TASK REQUIREMENTS
Each record is to be given again without alteration.

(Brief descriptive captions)
────────────────────

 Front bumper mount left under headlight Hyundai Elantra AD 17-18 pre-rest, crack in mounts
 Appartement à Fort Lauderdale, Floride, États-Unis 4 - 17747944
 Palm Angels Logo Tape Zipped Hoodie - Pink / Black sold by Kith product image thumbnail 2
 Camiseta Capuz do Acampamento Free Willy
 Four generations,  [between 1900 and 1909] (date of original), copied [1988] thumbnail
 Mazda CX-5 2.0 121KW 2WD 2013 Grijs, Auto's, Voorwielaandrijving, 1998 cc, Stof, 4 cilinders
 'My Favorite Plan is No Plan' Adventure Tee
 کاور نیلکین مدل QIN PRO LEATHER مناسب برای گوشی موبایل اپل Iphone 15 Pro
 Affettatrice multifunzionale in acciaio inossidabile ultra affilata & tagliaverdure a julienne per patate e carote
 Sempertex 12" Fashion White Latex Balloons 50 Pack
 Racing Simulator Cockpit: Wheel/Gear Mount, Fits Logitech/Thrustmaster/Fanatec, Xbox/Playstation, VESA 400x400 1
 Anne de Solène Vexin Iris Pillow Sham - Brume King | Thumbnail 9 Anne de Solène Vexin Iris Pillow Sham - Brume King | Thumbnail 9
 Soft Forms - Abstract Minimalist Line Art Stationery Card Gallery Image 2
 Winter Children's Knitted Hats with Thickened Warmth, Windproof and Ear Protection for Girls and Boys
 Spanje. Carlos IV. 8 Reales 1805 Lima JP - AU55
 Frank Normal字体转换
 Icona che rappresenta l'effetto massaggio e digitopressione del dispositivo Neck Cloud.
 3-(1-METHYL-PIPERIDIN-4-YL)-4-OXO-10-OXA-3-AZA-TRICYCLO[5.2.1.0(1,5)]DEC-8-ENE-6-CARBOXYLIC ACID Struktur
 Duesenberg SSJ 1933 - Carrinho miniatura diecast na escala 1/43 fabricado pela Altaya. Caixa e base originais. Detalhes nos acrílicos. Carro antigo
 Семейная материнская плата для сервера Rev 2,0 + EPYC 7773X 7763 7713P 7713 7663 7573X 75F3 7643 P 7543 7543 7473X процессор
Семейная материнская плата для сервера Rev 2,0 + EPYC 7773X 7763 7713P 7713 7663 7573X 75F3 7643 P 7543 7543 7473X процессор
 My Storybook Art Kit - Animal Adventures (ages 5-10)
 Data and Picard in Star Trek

────────────────────

REPLY TO THE EXERCISE
 Front bumper mount left under headlight Hyundai Elantra AD 17-18 pre-rest, crack in mounts
 Appartement à Fort Lauderdale, Floride, États-Unis 4 - 17747944
 Palm Angels Logo Tape Zipped Hoodie - Pink / Black sold by Kith product image thumbnail 2
 Camiseta Capuz do Acampamento Free Willy
 Four generations,  [between 1900 and 1909] (date of original), copied [1988] thumbnail
 Mazda CX-5 2.0 121KW 2WD 2013 Grijs, Auto's, Voorwielaandrijving, 1998 cc, Stof, 4 cilinders
 'My Favorite Plan is No Plan' Adventure Tee
 کاور نیلکین مدل QIN PRO LEATHER مناسب برای گوشی موبایل اپل Iphone 15 Pro
 Affettatrice multifunzionale in acciaio inossidabile ultra affilata & tagliaverdure a julienne per patate e carote
 Sempertex 12" Fashion White Latex Balloons 50 Pack
 Racing Simulator Cockpit: Wheel/Gear Mount, Fits Logitech/Thrustmaster/Fanatec, Xbox/Playstation, VESA 400x400 1
 Anne de Solène Vexin Iris Pillow Sham - Brume King | Thumbnail 9 Anne de Solène Vexin Iris Pillow Sham - Brume King | Thumbnail 9
 Soft Forms - Abstract Minimalist Line Art Stationery Card Gallery Image 2
 Winter Children's Knitted Hats with Thickened Warmth, Windproof and Ear Protection for Girls and Boys
 Spanje. Carlos IV. 8 Reales 1805 Lima JP - AU55
 Frank Normal字体转换
 Icona che rappresenta l'effetto massaggio e digitopressione del dispositivo Neck Cloud.
 3-(1-METHYL-PIPERIDIN-4-YL)-4-OXO-10-OXA-3-AZA-TRICYCLO[5.2.1.0(1,5)]DEC-8-ENE-6-CARBOXYLIC ACID Struktur
 Duesenberg SSJ 1933 - Carrinho miniatura diecast na escala 1/43 fabricado pela Altaya. Caixa e base originais. Detalhes nos acrílicos. Carro antigo
 Семейная материнская плата для сервера Rev 2,0 + EPYC 7773X 7763 7713P 7713 7663 7573X 75F3 7643 P 7543 7543 7473X процессор
Семейная материнская плата для сервера Rev 2,0 + EPYC 7773X 7763 7713P 7713 7663 7573X 75F3 7643 P 7543 7543 7473X процессор
 My Storybook Art Kit - Animal Adventures (ages 5-10)
 Data and Picard in Star Trek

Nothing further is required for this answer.